- **TASK INPUT**
+===+
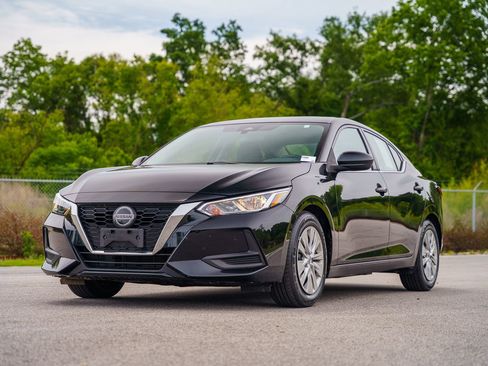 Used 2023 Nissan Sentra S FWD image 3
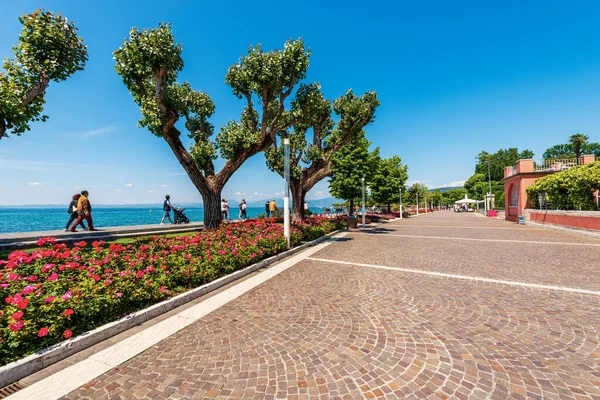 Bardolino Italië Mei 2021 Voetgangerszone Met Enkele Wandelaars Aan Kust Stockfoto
+===+
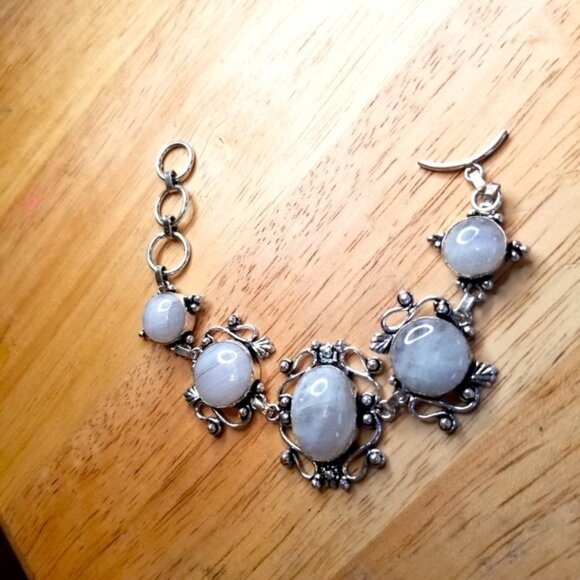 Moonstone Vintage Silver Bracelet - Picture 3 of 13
+===+
Line for line, output the entries above from the line with "Used 2023 Nissan Sentra S FWD image 3" to the line with "Bardolino Italië Mei", both included, and nothing more. Skip pictures.

 Used 2023 Nissan Sentra S FWD image 3
 Bardolino Italië Mei 2021 Voetgangerszone Met Enkele Wandelaars Aan Kust Stockfoto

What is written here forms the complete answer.